Technologies That Modify the Inhaled Drug

There are many issues contributing to safety and efficacy of inhaled drugs besides achieving optimal particle sizes. Some drugs pass through the lungs so quickly that they do not have enough opportunity to interact with the appropriate receptors. Other drugs such as proteins and peptides may be metabolized quickly within the lungs and consequently have low bioavailability. There are no known absolute size limits for proteins because of specialized transport mechanisms, but generally the smaller proteins and peptides cross the lung more readily. Formulation aids such as oligolactic acid (OLA) have been shown to produce sustained release within the lungs for a variety of therapeutic categories such as soft steroids (i.e., steroids that have low oral bioavailability and are metabolized by the lung or serum enzymes very quickly), immune response modifiers, phosphodiase –IV (PDE-IV) inhibitors, and 5-lipoxygenase (5-LO) inhibitors (Leach et al., 2000). OLAs work by forming a particle that contains a drug intercalated in an OLA matrix. PEGylation technology is also being applied to inhaled drugs.

Normally, polyethyleneglycol (PEG) molecules have been used in conjunction with iv administration. It has been shown that by utilizing smaller PEGs (e.g., less than 2000 daltons), the duration of activity of inhaled insulin can be extended by many hours (Leach et al., 2004). This may eliminate the need for long-acting, overnight insulin currently only available by injection. The PEGylated insulin also shows higher bioavailability presumably because the insulin is more protected from insulin degrading enzyme within the lungs. PEG molecules have also been shown to be less immunogenic than nonPEGylated drugs when given by injection but this has not yet been demonstrated within the lungs.

Vaccines Delivered to the Respiratory Tract

The number of people affected by diseases for which vaccines are either available now or in development is over 1 billion. There were 94 licensed vaccines in the United States in the year 2000 that targeted 27 different pathogens. More than half of those pathogens were related to the respiratory tract. Yet, 87 of those vaccines were delivered by injection, 7 orally and only 1 by nasal inhalation. This hardly seems logical especially considering that in addition to the normal immune response of the lungs, there is an extra response by IgA, the mucosal antibody. The other consideration is that needle reuse causes over 1 million cases per year of HIV and hepatitis.

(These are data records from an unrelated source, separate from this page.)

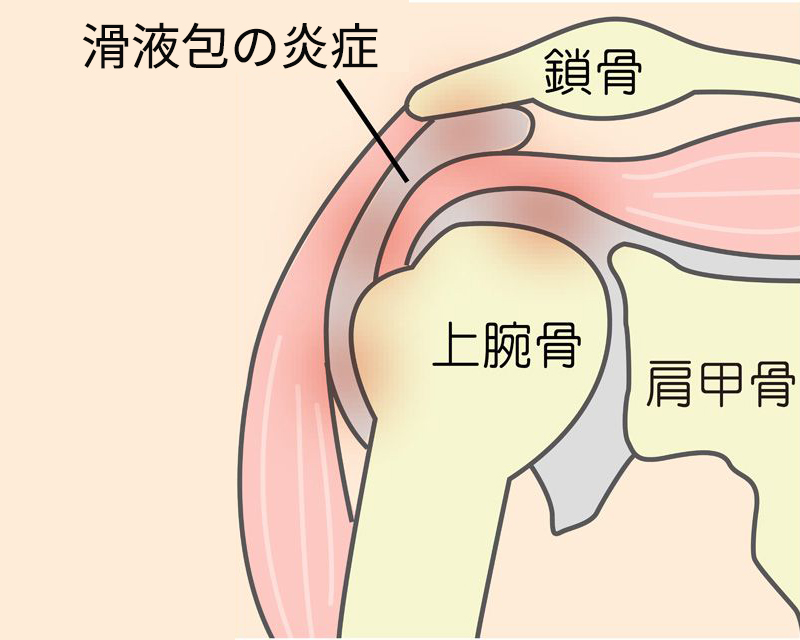 上腕骨に付着する腱の炎症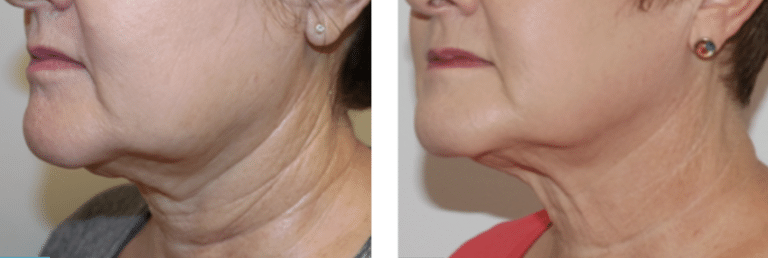 TotalSkin Solution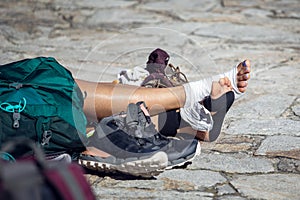 Woman pilgrim legs with injured feet resting on Obradoiro square, Santiago de Compostela, Spain photo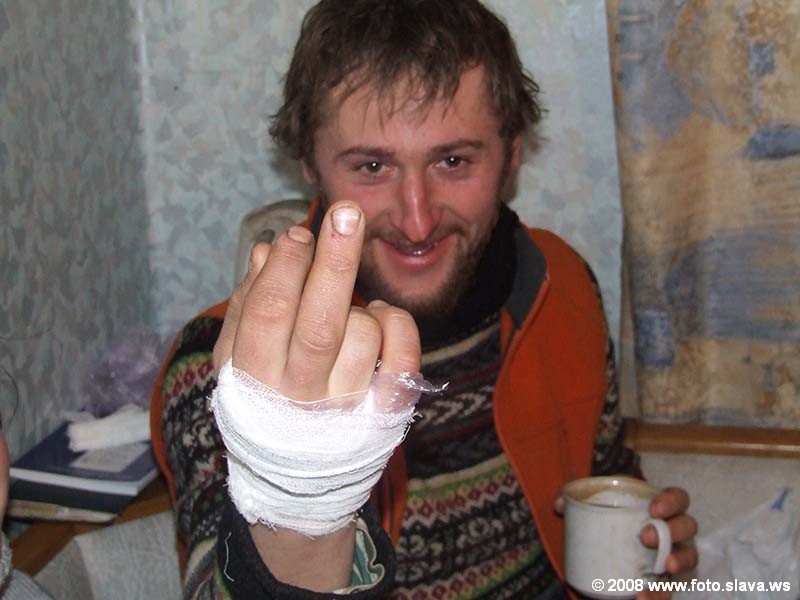 Раненый Пожарник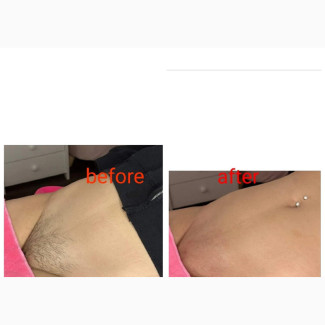 Under Arm Wax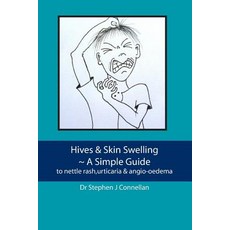 Hives & Skin Swelling a Simple Guide: To Nettle Rash Urticaria & Angio-Oedema Paperback, Createspace Independent Publishing Platform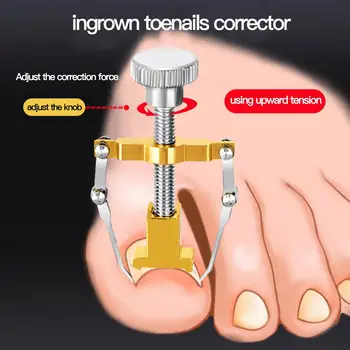 Ingrown Toenails Fixer Correction Pedicure Foot Toe Nail Care Tools File Elastic Patch Straightening Clip Brace Corrector Wire
Ingrown Toenails Fixer Correction Pedicure Foot Toe Nail Care Tools File Elastic Patch Straightening Clip Brace Corrector Wire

The utility of respiratory mucosal vaccine has been clearly demonstrated by the nebulized measles vaccine study of 1600 children in Mexico. The seroconversion rate was much better with inhaled vaccine than with the traditional injection at one-fifth of the injected dose. Side effects were also fewer with the aerosolized vaccine (Bennett et al., 2002). This study was confirmed with the South Africa study of 4000 children inhaling measles vaccine where one-half of the injected dose was inhaled. The aerosolized and injected vaccines exhibited the same seroconversion rates but there were fewer side effects with the inhaled route (Dilraj et al., 2000).

Conclusions

Utilizing the inhalation route for drug delivery has been purported as being too difficult, expensive, limited in application and risky. It is clearly one of the most complicated dosage forms but also one of the most versatile. The transition away from CFCs created new paradigms in inhalation drug delivery sprouting the rebirth of old technologies and the creation of new technologies (Dolovich et al., 2000, 2005). Traditional inhaled drugs like beta-agonists and steroids have been re-engineered and improved in many ways.

New dry powder formulations and device strategies have opened new possibilities for higher doses and more formulation options. There are now real-world methods to make viable inhalation products for just about any type of drug. The near future will see inhaled peptides such as insulin, proteins, antibodies, oligonucleotides, hormones, nicotine substitutes, antibiotics, pain relievers, anticancer drugs, drugs for COPD, vaccines, and many other applications.